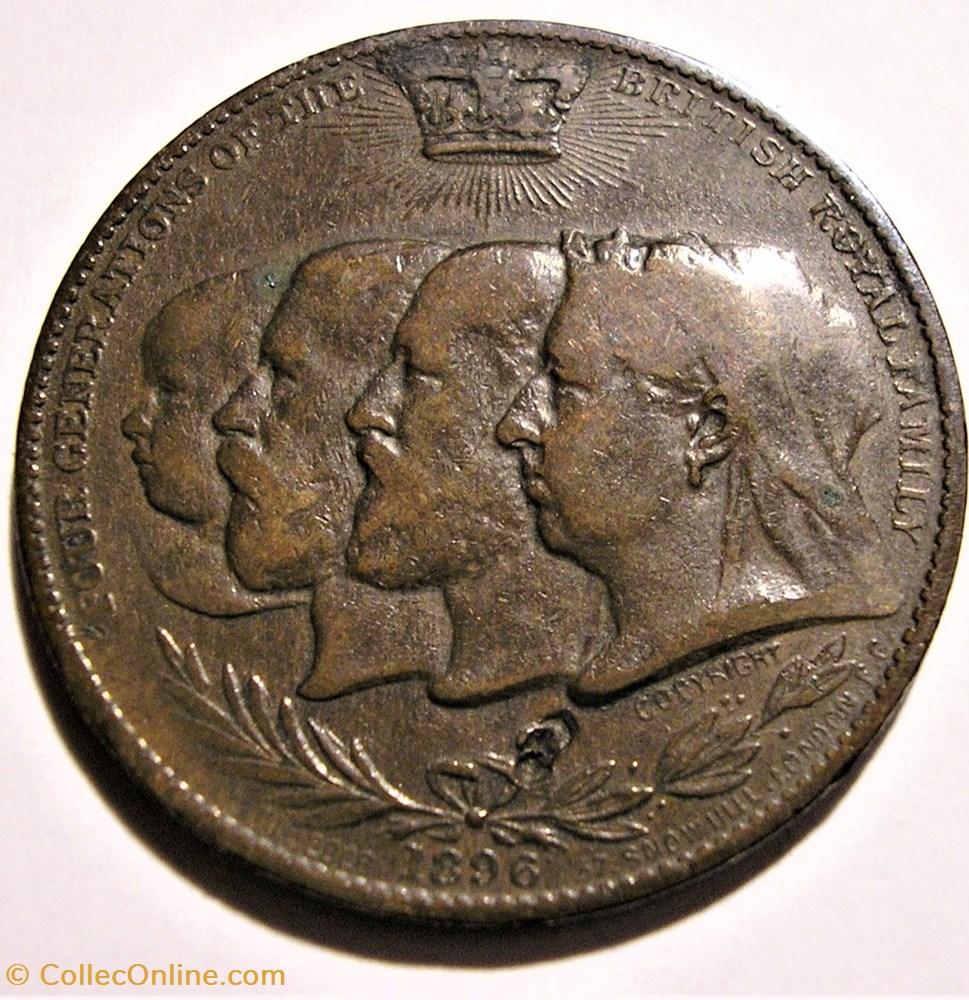 The Victoria's Family - 1896 Remington Typewriter Token - UK 2 monnaie jeton mereaux the victoris family 1896 remington typewriter token uk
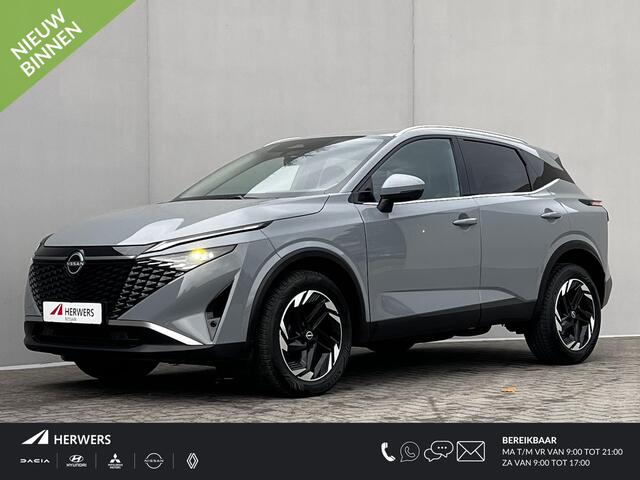 Nissan QASHQAI 1.3 MHEV Xtronic N-Connecta / Fabrieksgarantie tot 03-2028 < 100.000km ** / Facelift Nieuw Model / Cold Pack / HUD / Trekgewicht 1800 kg / Stuur-, Stoel en Voorruit verwarming / Elektrische achterklep / Camera 360° / Adaptief CC / Apple Carplay Android Au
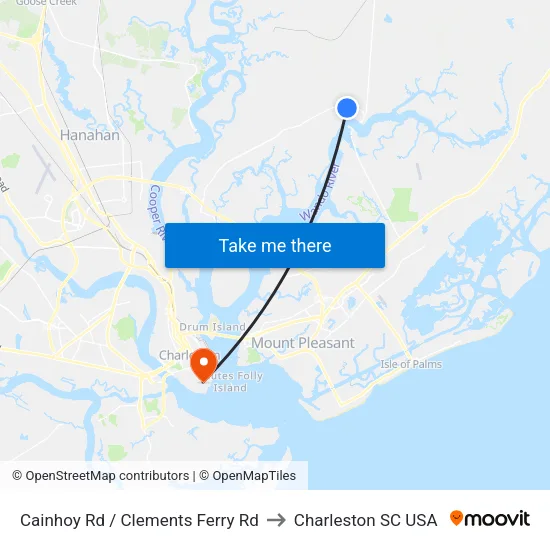 Cainhoy Rd / Clements Ferry Rd to Charleston SC USA map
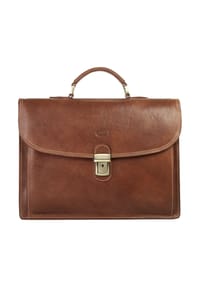 piké - Aktentasche Echt Leder, Made In Italy - braun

::::

• [Work order] Your copy should hold exactly the lines from the line bearing "Nissan QASHQAI 1.3" through the end of the data, both included, and no pictures or anything further.

• [Written answer]
 Nissan QASHQAI 1.3 MHEV Xtronic N-Connecta / Fabrieksgarantie tot 03-2028 < 100.000km ** / Facelift Nieuw Model / Cold Pack / HUD / Trekgewicht 1800 kg / Stuur-, Stoel en Voorruit verwarming / Elektrische achterklep / Camera 360° / Adaptief CC / Apple Carplay Android Au
 Cainhoy Rd / Clements Ferry Rd to Charleston SC USA map
 piké - Aktentasche Echt Leder, Made In Italy - braun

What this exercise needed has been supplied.